Because we opened the Data Factory workspace on the VM that will host the integration runtime, we can select Option 1: Express setup. This will download the self-hosted IR software on the VM and link it to the Azure Data Factory resource we just provisioned.
At this point, everything is set up for us to access the storage account and SQL Server by using their private endpoints. To show that you can’t access these Azure services from outside the VNET, I’ll post a series of screenshots below comparing the response you get from within the VNET and from outside the VNET.
Here are the expected responses from a machine outside the VNET:
And the expected responses from the VM that is within the VNET:
As you can see, the response from within the VNET routes the request to the appropriate private endpoint within the Subnet of the VNET.
The really cool aspect about this is that you can leverage these private endpoints how you normally do within Azure Data Factory. In other words, this routing happens behind the scenes and we can still use the default connection strings for the Azure SQL Server and storage account.

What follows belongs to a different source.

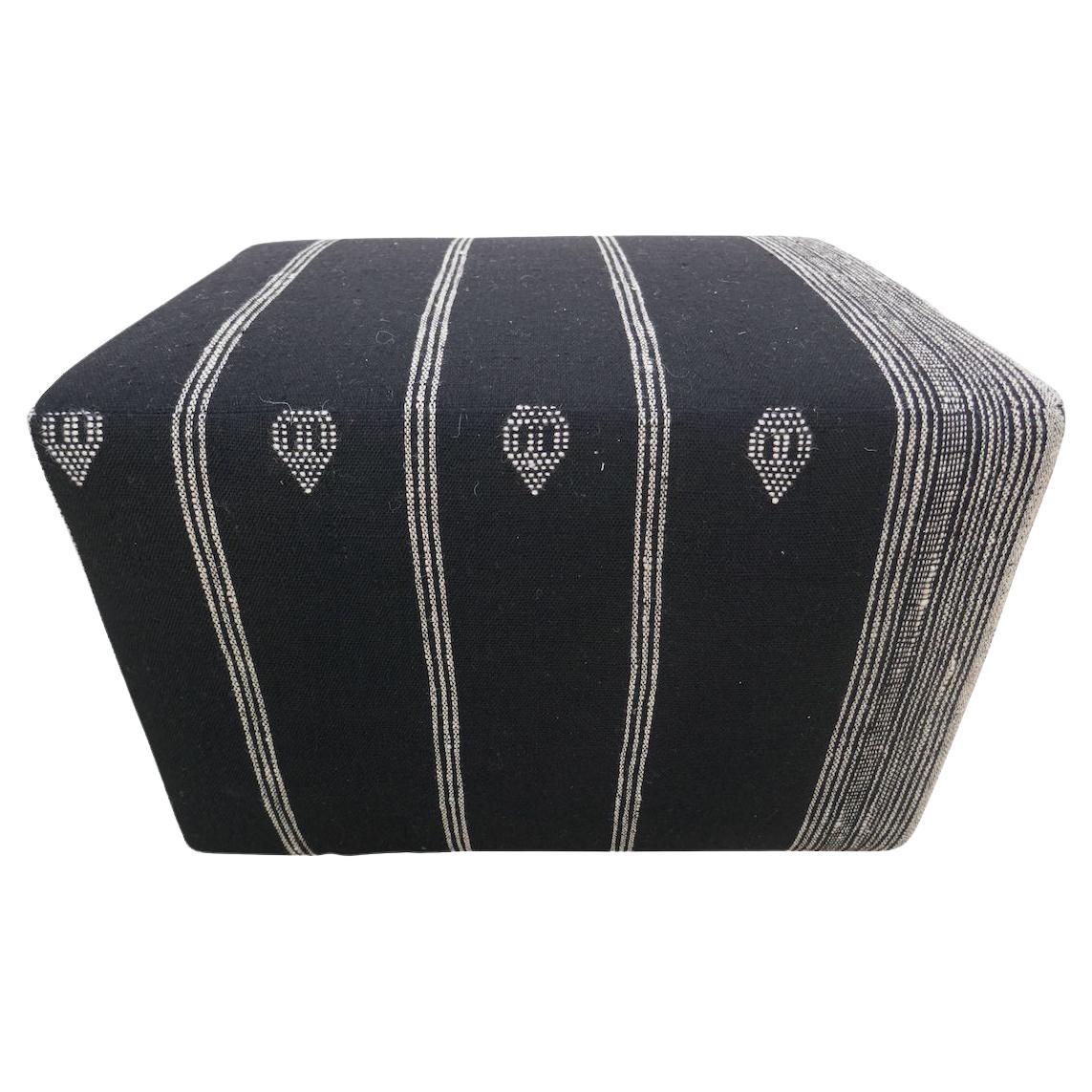 Berber Tribal Wool Accent Ottoman / Black & White For Sale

Creating sample data in SQL Server
For the purposes of this demonstration, we’ll create a very simple table in the SQL Server we created (this is where having SSMS installed on the VM helps). You can use the following two scripts to create a table and insert two sample records. This assumes you have a database created called ‘mydatabase’.
First, here is the script to create a table:
SET ANSI_NULLS ON GO
SET QUOTED_IDENTIFIER ON GO
CREATE TABLE [dbo].[myTable]( [c1] [nchar](10) NULL, [c2] [nchar](10) NULL ) ON [PRIMARY] GO
And to populate two records in the table:
USE [mydatabase] GO
INSERT INTO [dbo].[myTable] ([c1] ,[c2]) VALUES (‘hi’, ‘there’), (‘hello’, ‘world’) GO
We will copy the data in this Azure SQL Server to the storage account we created previously.
Copy activity in Data Factory
In the Author & Monitor workspace in Data Factory, drag a Copy data activity onto the canvas. First, we’ll define the Source and then the Sink for this activity. You’ll notice that we specify the self-hosted integration runtime for both of these linked services. This is a critical step to allow the Data Factory runtime to “see” the two private endpoints within our VNET.
For the Source, we will create a linked service to the Azure SQL Database:
As you can see, we really don’t specify anything special to tell Data Factory to leverage the private endpoint. Similarly for the Sink, we create a linked service to the storage account:
Once these linked services are set up, we can Validate and Publish our changes to this pipeline and run it. For completeness, here is a screenshot of the data in SQL Server:
And the copied data into our storage account:
Summary
We just successfully ran a Data Factory pipeline that copies data from an Azure SQL Database private endpoint to a blob storage account private endpoint, all secured in a VNET!